- Opening Delimiter -

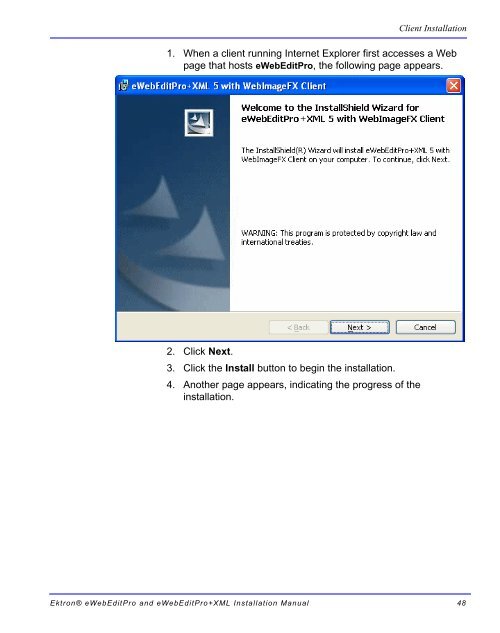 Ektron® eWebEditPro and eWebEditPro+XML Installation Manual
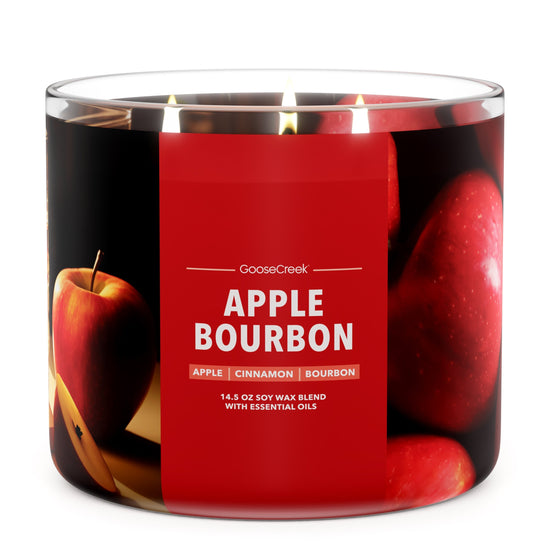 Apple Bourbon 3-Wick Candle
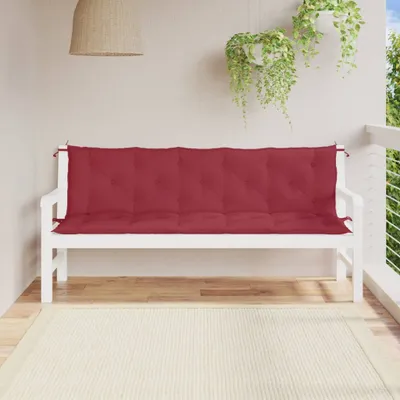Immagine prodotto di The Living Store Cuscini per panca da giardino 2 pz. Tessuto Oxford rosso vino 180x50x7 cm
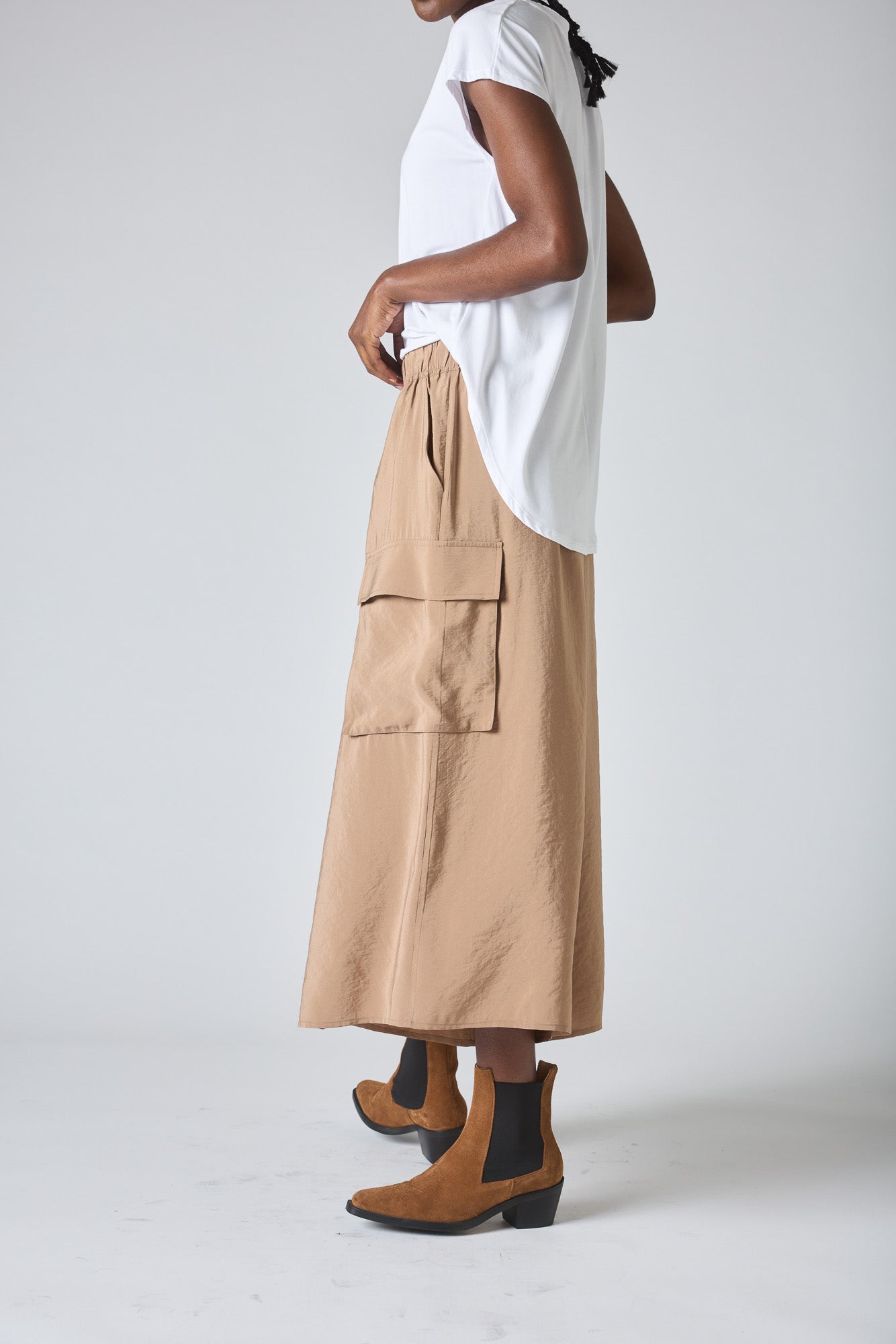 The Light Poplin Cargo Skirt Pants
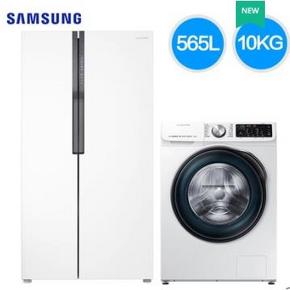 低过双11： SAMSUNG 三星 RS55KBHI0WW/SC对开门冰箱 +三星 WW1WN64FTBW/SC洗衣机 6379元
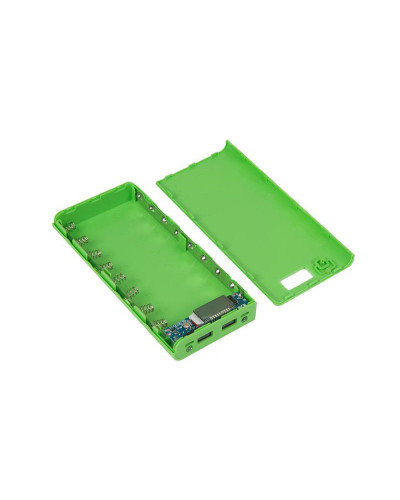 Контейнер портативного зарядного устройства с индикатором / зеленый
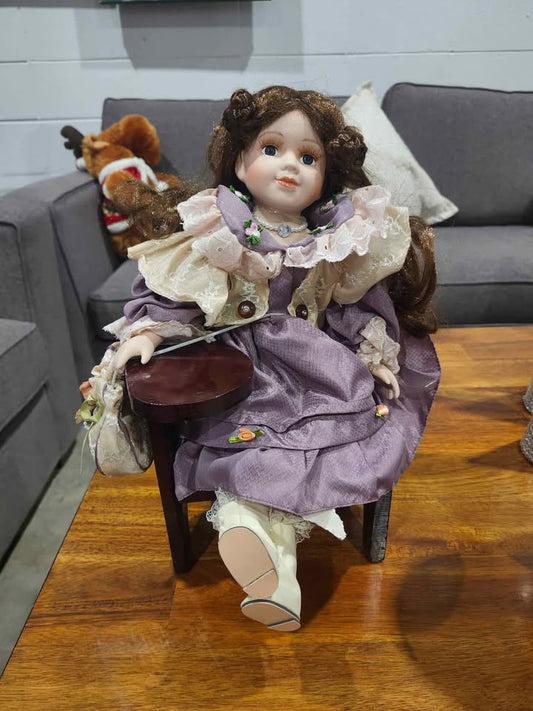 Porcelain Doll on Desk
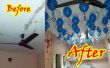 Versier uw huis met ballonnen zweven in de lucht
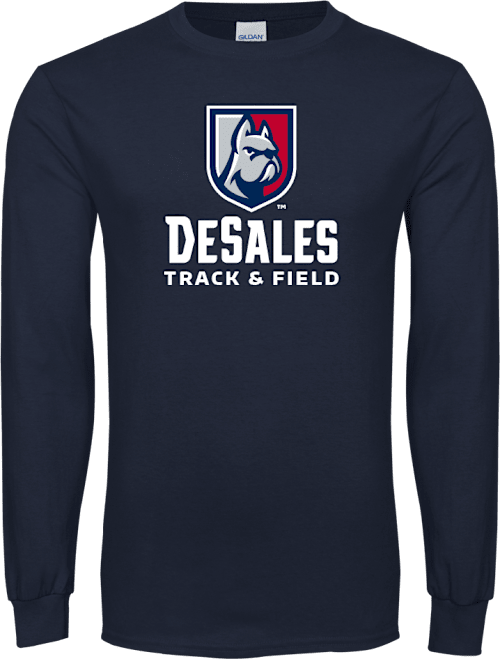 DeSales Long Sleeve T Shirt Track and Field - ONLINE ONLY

- Closing Delimiter -
- Opening Delimiter -

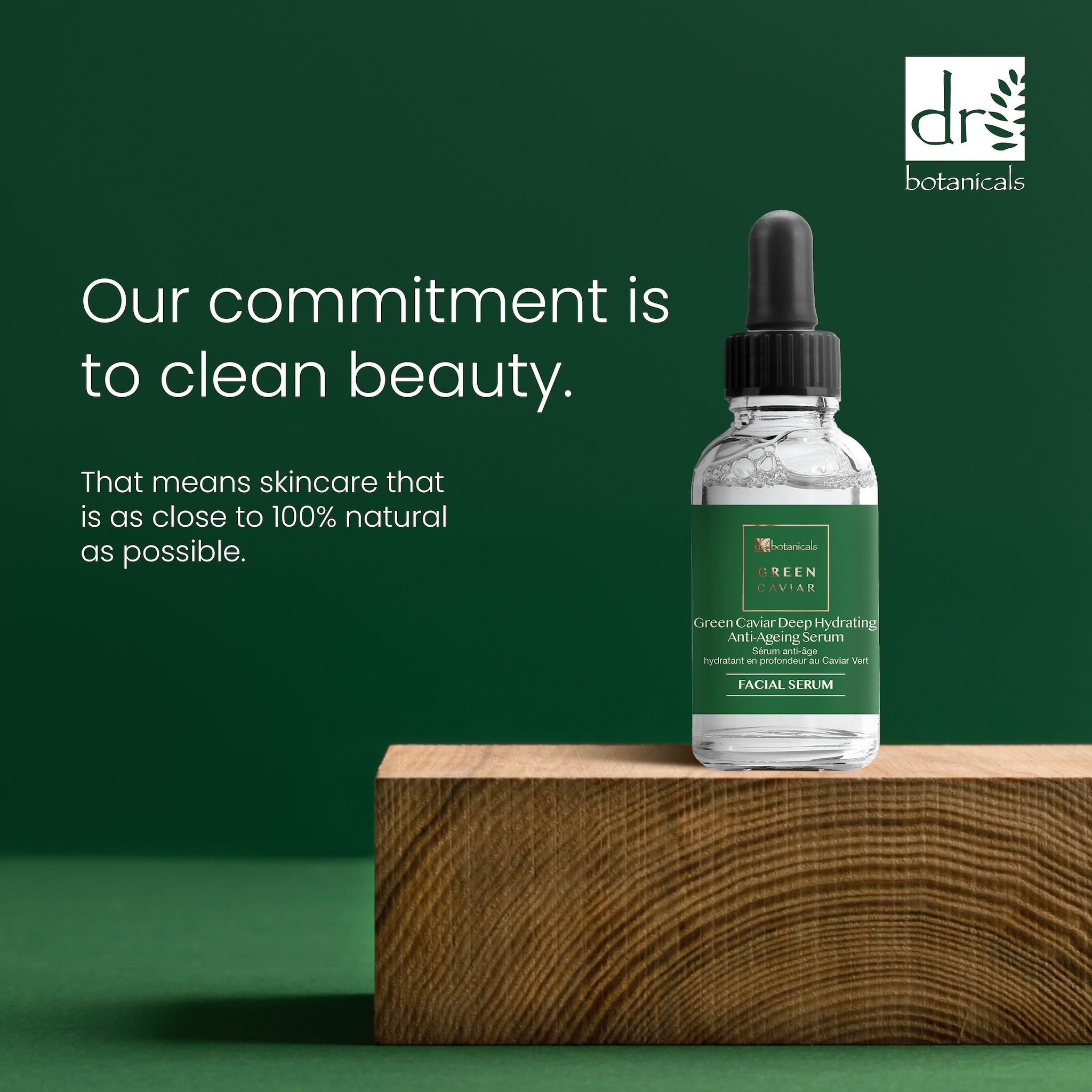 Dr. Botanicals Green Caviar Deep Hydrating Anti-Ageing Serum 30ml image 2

- Closing Delimiter -

In the listing above, find the line with "低过双11： SAMSUNG 三星" and the line with "DeSales Long Sleeve". Set down exactly those lines and everything between them, skipping pictures.

- **Exercise result**
 低过双11： SAMSUNG 三星 RS55KBHI0WW/SC对开门冰箱 +三星 WW1WN64FTBW/SC洗衣机 6379元
 Контейнер портативного зарядного устройства с индикатором / зеленый
 Porcelain Doll on Desk
 Versier uw huis met ballonnen zweven in de lucht
 DeSales Long Sleeve T Shirt Track and Field - ONLINE ONLY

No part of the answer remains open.